Rent regulation in New York is a means of limiting the amount of rent charged on dwellings. Rent control and rent stabilization are two programs used in parts of New York state (and other jurisdictions). In addition to controlling rent, the system also prescribes rights and obligations for tenants and landlords.

Each city in the state chooses whether to participate. As of 2007, 51 municipalities participated in the program, including Albany, Buffalo and New York City, where over one million apartments are regulated. Other rent-controlled municipalities include Nassau, Westchester, Rensselaer, Schenectady and Erie counties.

In New York City, rent stabilization applies to all apartments except for certain classes of housing accommodations for so long as they uphold the status that gives them the exemption.

As of 2022, there are over 40,000 vacant rent regulated units in New York City.

Rent control

Qualification 
To qualify for rent control, a tenant must have been continuously living in an apartment since July 1, 1971, or be a qualifying family member who succeeded to such tenancy.

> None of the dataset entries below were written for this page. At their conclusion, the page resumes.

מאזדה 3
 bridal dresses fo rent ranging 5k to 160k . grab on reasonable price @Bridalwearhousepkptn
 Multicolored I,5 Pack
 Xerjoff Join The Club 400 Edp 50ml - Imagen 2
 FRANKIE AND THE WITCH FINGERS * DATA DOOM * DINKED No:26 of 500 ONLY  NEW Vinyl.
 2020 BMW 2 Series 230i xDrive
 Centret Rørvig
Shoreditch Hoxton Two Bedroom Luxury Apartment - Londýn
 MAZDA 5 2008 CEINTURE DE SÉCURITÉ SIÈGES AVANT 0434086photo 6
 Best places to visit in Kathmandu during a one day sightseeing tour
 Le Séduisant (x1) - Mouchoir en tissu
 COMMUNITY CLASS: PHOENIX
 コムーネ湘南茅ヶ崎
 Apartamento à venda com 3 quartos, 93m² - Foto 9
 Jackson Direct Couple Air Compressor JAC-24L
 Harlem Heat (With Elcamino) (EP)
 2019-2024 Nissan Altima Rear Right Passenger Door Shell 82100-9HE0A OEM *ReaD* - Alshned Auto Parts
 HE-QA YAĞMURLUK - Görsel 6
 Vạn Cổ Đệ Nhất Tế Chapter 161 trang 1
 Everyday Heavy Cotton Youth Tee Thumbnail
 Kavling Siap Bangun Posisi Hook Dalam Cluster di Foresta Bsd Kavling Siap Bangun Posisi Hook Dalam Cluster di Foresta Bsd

When vacant, a rent-controlled unit becomes "rent stabilized", except in buildings with fewer than six units, where it is usually decontrolled. In units within single and two-family homes, the tenant must have resided in the unit continuously since March 31, 1952, to qualify for rent control. Once the unit becomes vacant, it is decontrolled. Rent control does not generally apply to units built after 1947.

Terms
Rent control limits the price a landlord can charge a tenant for rent and also regulates the services the landlord must provide. Failure to provide these may allow the tenant to receive a lower rent. Outside of New York City, the state government determines the maximum rents and rate increases, and owners may periodically apply for increases.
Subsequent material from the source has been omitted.